__WHAT IS NEEDED__. Transcribe the listing below exactly, leaving out each image.
[EXCERPTED DATA — start]
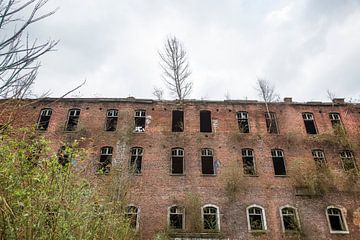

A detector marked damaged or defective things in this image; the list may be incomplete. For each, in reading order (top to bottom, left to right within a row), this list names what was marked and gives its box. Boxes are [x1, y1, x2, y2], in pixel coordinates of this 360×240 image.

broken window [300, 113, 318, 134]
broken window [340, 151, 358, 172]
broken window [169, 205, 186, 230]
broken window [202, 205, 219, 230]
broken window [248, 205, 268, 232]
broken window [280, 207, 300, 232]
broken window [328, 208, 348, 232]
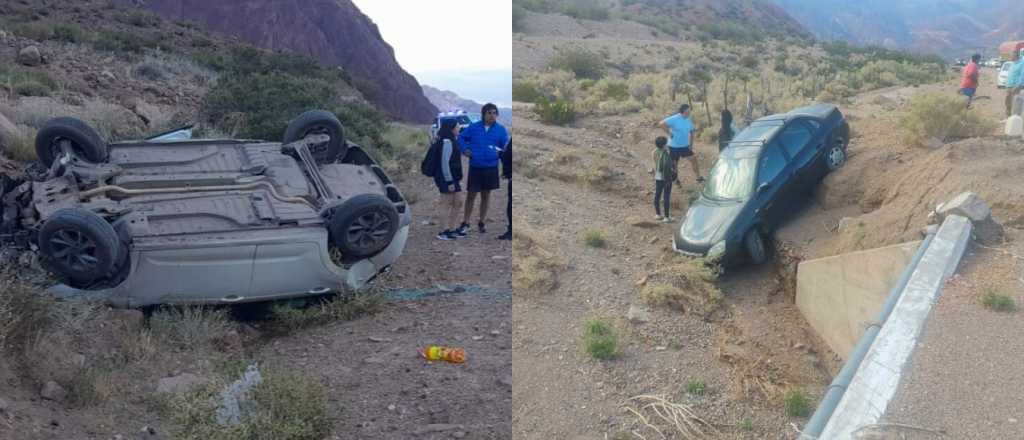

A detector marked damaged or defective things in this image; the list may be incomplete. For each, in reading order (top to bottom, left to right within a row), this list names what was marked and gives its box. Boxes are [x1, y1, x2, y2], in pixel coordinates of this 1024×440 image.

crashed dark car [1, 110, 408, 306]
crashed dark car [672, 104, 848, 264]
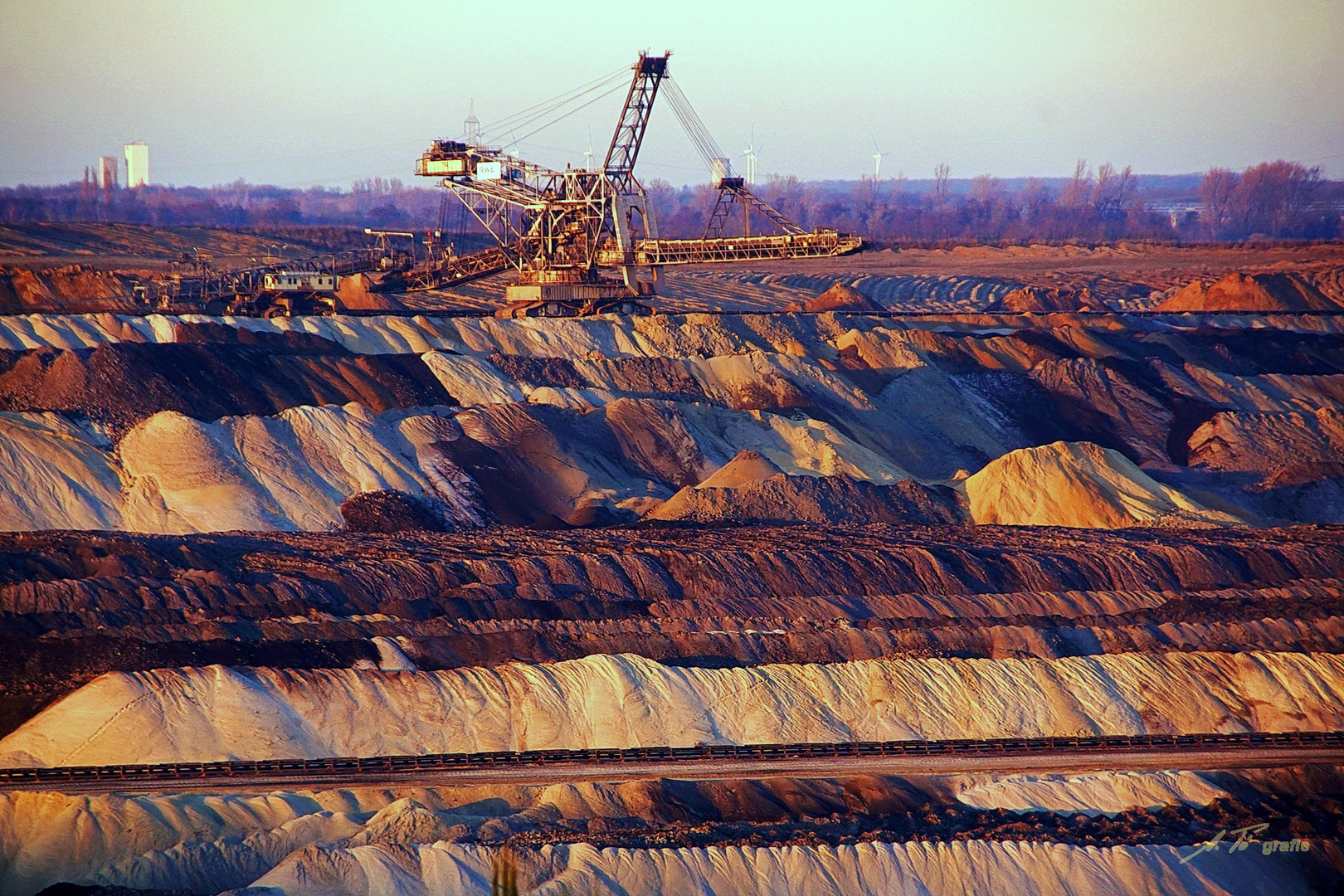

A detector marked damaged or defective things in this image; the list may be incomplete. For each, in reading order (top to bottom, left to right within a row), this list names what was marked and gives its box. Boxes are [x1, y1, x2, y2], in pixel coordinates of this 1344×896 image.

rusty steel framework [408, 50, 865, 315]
[EXCERPTED DATA — finish]
__ANSWER TO THIS EXERCISE__.
A detector marked damaged or defective things in this image; the list may be incomplete. For each, in reading order (top to bottom, left to right within a row), this list names what was marked and gives its box. Boxes are [x1, y1, x2, y2], in pixel coordinates of this 360×240 image.

broken window [300, 113, 318, 134]
broken window [340, 151, 358, 172]
broken window [169, 205, 186, 230]
broken window [202, 205, 219, 230]
broken window [248, 205, 268, 232]
broken window [280, 207, 300, 232]
broken window [328, 208, 348, 232]

A detector marked damaged or defective things in this image; the list may be incomplete. For each, in reading order (top to bottom, left to right within a row), this list names what was marked and gives its box. Boxes are [x1, y1, x2, y2], in pixel coordinates of this 1024×440 image.

crashed dark car [1, 110, 408, 306]
crashed dark car [672, 104, 848, 264]

A detector marked damaged or defective things in this image; the list may be incomplete. For each, in reading order (top to bottom, left to right within a row), this list names what was marked and gives its box. Boxes are [x1, y1, x2, y2], in pixel coordinates of this 1344×896 image.

rusty steel framework [408, 50, 865, 315]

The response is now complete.